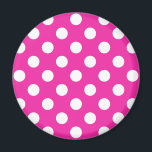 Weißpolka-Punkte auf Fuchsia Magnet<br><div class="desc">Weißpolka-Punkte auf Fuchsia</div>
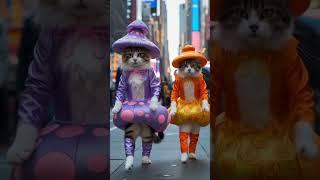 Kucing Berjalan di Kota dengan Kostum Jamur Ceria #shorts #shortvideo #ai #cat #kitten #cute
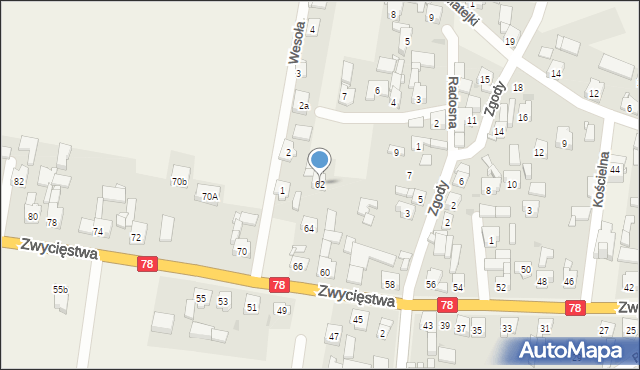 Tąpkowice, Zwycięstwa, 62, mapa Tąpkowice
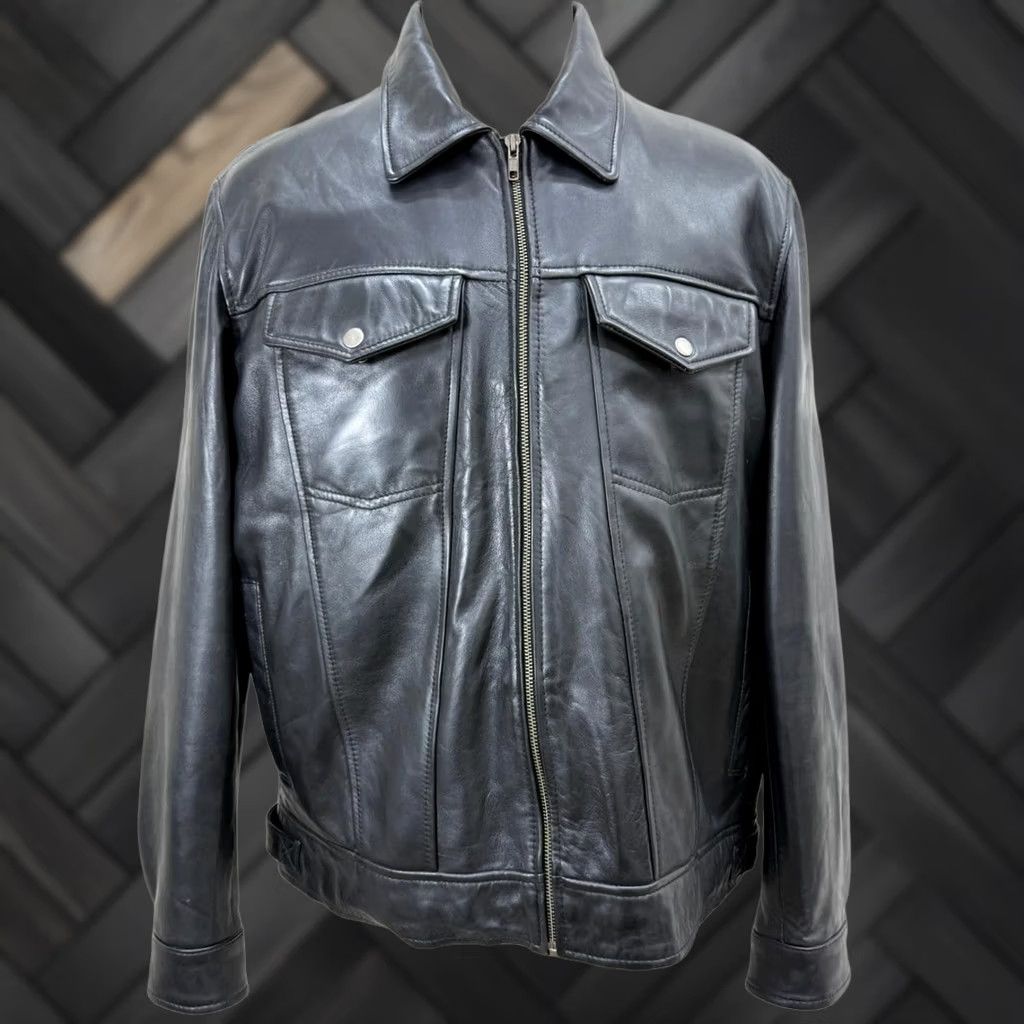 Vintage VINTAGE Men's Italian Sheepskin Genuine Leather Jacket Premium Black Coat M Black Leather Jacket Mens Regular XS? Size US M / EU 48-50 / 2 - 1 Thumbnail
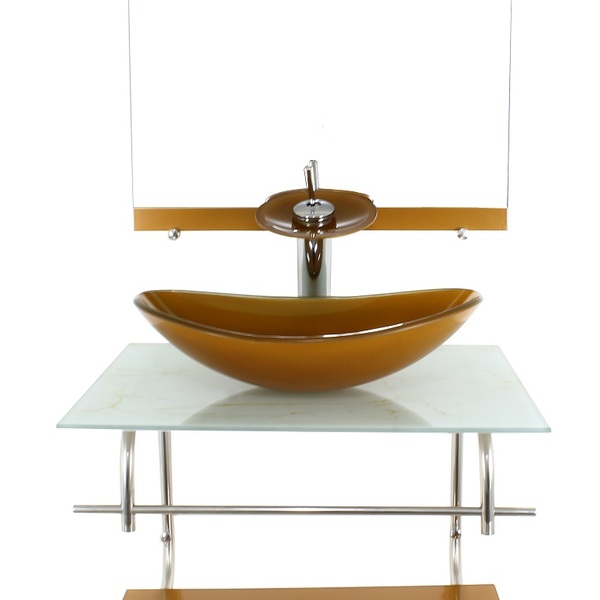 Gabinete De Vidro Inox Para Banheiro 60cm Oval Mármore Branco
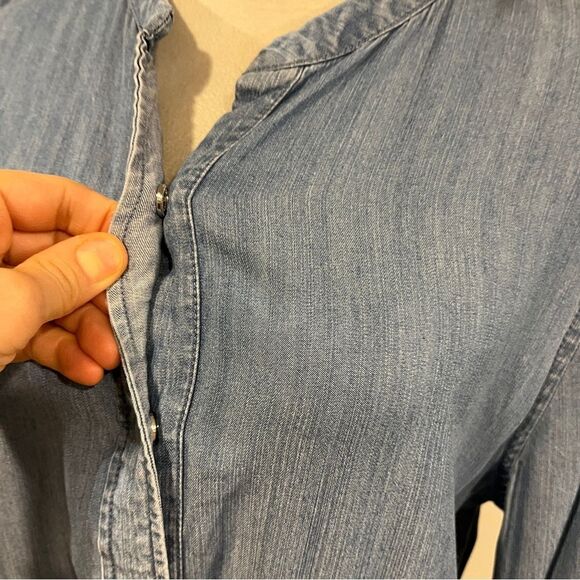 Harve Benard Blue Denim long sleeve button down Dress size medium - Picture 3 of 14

--

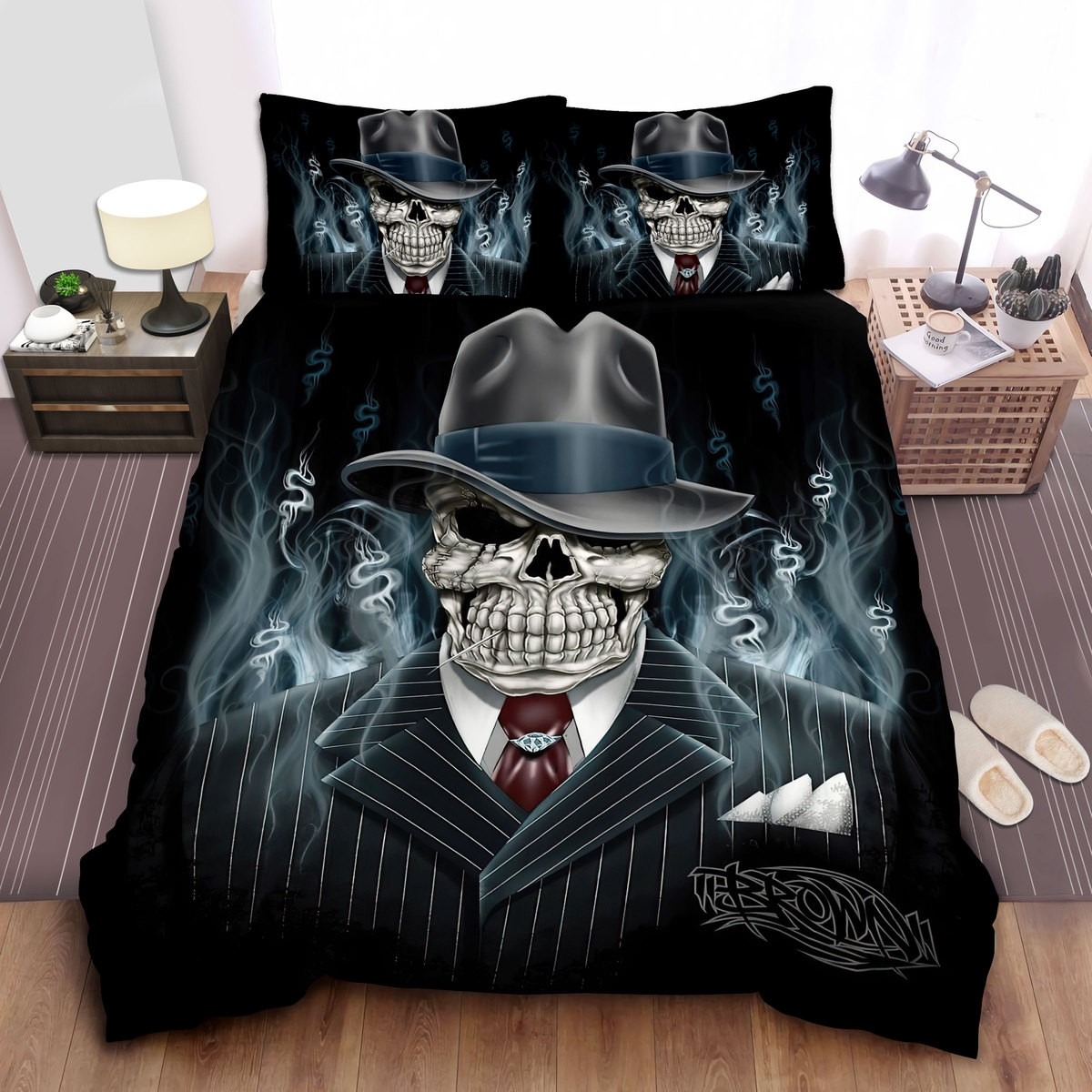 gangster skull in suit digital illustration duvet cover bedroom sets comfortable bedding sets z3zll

---

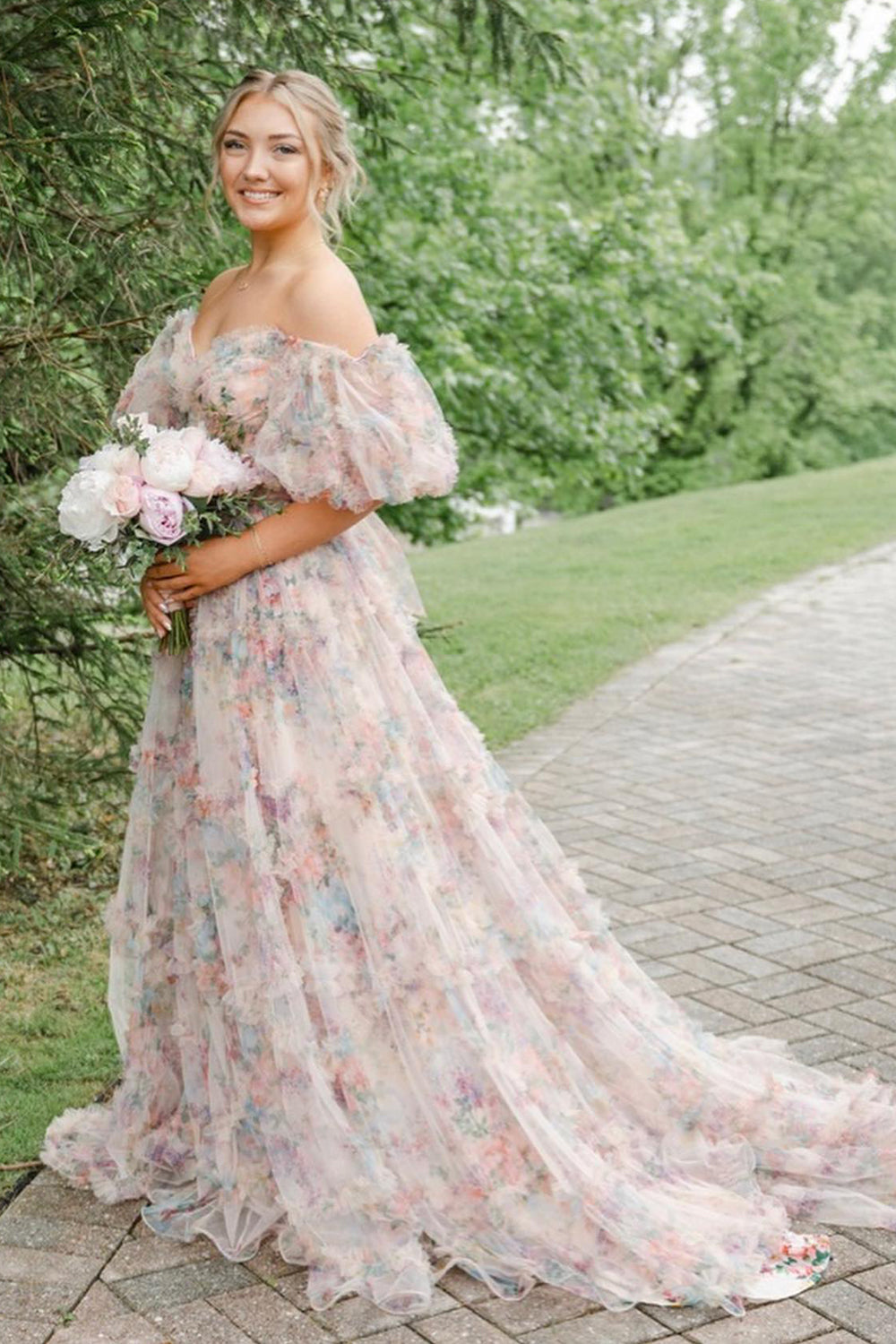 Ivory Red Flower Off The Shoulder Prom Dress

(EXERCISE) Find the line with "Tąpkowice, Zwycięstwa, 62, mapa Tąpkowice" and the line with "Harve Benard Blue Denim" in the records above. Copy both and all lines between them exactly, without pictures.

(EXERCISE ANSWER)
 Tąpkowice, Zwycięstwa, 62, mapa Tąpkowice
 Vintage VINTAGE Men's Italian Sheepskin Genuine Leather Jacket Premium Black Coat M Black Leather Jacket Mens Regular XS? Size US M / EU 48-50 / 2 - 1 Thumbnail
 Gabinete De Vidro Inox Para Banheiro 60cm Oval Mármore Branco
 Harve Benard Blue Denim long sleeve button down Dress size medium - Picture 3 of 14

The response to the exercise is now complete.